### Work instructions:
Copy out each line featuring the string "Used" from the entries beneath.

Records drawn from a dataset
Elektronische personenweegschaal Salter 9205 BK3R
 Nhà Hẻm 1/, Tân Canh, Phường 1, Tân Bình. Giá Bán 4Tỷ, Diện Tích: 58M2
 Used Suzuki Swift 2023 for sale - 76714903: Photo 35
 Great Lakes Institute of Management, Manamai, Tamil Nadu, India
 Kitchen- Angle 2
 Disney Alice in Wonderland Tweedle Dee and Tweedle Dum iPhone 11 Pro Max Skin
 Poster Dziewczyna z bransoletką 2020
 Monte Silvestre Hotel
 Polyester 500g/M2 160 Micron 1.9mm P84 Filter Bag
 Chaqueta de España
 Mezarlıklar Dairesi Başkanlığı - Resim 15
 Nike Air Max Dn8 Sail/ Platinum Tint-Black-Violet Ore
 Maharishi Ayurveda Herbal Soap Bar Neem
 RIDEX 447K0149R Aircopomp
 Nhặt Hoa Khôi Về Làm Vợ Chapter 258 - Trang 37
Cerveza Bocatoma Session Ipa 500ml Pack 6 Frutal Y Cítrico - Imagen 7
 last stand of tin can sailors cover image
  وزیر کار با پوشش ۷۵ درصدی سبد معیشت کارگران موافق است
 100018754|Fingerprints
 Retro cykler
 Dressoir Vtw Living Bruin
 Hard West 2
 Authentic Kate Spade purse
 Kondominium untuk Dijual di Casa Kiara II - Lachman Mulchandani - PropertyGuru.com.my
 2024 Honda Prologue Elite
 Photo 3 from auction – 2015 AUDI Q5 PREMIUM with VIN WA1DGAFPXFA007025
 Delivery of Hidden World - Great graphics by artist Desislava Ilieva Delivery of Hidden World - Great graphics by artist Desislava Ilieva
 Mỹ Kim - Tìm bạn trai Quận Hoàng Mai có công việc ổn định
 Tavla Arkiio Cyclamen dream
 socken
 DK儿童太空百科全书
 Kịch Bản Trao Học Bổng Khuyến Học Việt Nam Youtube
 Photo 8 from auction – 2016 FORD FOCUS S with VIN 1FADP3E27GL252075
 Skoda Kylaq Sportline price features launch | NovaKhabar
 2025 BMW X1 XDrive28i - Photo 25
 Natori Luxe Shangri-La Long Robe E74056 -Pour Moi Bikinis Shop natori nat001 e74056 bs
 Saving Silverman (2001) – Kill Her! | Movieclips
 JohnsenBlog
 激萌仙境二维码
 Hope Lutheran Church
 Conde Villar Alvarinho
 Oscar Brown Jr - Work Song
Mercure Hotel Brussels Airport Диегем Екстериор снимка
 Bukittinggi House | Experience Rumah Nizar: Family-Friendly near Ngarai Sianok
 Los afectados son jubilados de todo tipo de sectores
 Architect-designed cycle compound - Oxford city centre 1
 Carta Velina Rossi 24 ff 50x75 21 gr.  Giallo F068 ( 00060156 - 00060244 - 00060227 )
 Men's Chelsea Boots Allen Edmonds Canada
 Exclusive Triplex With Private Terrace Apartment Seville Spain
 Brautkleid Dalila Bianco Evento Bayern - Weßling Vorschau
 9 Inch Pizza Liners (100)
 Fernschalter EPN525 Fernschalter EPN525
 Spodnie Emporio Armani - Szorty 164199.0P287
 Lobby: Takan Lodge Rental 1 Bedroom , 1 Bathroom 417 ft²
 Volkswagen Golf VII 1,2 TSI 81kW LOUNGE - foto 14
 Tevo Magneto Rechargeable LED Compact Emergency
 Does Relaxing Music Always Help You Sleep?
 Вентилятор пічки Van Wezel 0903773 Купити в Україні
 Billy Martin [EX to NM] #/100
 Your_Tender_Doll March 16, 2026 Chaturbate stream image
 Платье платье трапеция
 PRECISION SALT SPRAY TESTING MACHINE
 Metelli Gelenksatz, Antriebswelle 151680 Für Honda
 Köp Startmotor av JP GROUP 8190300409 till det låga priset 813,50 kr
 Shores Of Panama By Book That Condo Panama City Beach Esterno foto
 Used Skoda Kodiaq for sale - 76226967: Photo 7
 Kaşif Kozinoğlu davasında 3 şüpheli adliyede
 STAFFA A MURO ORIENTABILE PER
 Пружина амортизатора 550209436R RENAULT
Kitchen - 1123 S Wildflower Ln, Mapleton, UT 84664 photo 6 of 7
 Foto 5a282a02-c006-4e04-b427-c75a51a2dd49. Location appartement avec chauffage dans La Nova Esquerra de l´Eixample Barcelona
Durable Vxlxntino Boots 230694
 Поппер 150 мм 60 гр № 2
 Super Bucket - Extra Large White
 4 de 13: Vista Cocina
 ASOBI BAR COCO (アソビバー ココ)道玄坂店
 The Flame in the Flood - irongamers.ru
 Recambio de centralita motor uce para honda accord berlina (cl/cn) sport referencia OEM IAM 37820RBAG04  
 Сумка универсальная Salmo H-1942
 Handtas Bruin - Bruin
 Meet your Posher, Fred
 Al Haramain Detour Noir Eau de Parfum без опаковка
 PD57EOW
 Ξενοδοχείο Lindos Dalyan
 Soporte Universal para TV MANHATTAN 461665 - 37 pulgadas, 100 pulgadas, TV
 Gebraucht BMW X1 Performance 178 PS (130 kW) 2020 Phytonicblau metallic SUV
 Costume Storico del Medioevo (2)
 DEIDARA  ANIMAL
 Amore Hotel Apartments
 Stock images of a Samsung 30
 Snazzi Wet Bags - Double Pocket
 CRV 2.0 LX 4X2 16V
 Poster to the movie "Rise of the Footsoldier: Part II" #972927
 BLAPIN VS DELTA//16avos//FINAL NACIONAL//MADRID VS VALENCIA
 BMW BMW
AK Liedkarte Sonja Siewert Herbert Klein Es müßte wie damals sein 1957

### Task solution:
 Used Suzuki Swift 2023 for sale - 76714903: Photo 35
 Used Skoda Kodiaq for sale - 76226967: Photo 7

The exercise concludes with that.